Что сказал бы дед Илья, увидав, как я, щекастый пупс, тяну из детской кроватки руку старухе-староверке в глухом тёмном платке?
Понял, посмеялся бы вместе с мамой?
Или уже нет - не понял бы?
Я родился в такую эпоху в середине двадцатого века. Многое тогда казалось многим "не как у людей": жизнь менялась стремительно.
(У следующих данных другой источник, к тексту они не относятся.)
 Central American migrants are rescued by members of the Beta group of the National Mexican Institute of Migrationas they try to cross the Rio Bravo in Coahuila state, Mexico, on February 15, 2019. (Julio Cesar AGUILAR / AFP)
С тихим тайным ужасом смотрел мой дед, как его дочь поездами мерила из конца в конец просторы России. Кот в сапогах, грубоватое изделие советской лёгкой промышленности, проехал со мной в 1960-м году пять тысяч километров от Урала до Владивостока. Он пропал уже здесь, на каком-то этапе моего подрастания. Мама безжалостно избавлялась от всего, из чего, считала, я вырос.
В три года, это одно из моих первых воспоминаний, я запомнил реку Амур - бесконечную гладь воды в окне поезда. Мы ехали, ехали, мелькали и мелькали пролёты мостовых ферм, казалось, не будет края этой серой водяной пустыне. А ещё был владивостокский вокзал, солнце, стремительный летний дождь и перламутровые разводы бензина в паривших, подсыхавших лужах на площади.
Мы теперь жили на краю страны.
Дед писал из Пензы письма, тосковал, хотел к нам:
"Уж очень вы далеко живёте. Бывая на вокзале, встречаю поезда, идущие по Владивосток из Киева и Харькова. Беседую с проводниками о дороге, времени их прихода во Владивосток. О жизни во Владивостоке".
Он примеривался - и не решался. И набирался духу - боялся открывшихся перед ним огромных пространств. Это он-то, тридцать два года прослуживший в Красной Армии - и четыре года из них были войной.
Он то поучал меня как малыша, то пугающе обращался ко мне как к взрослому:
"Гриша! Напиши мне, как живёте. Мама, наверно, постарела, а бабушка седая.
Я тоже почти весь седой".
Что я мог ответить ему тогда? Позже, потом, я понял его тоску, понял, что говорил он не со мной, с мамой. С мамой, лишь прикрываясь мной - с тем неизбытым чувством давней вины, которую, казалось, в любую минуту ему могут припомнить.
Всё, что писал, он писал ей, своей дочери.
Бабушка не хотела видеть снова войну. Она часто плакала, тихо, наедине с собой. Разлука с мужем, разодравшая их жизнь по живому, обиды, воспоминания, край света Владивосток, подраставший такой незнакомый я, - жизнь летела, не останавливаясь, стремительно.
Слишком много всего рухнуло на их поколение.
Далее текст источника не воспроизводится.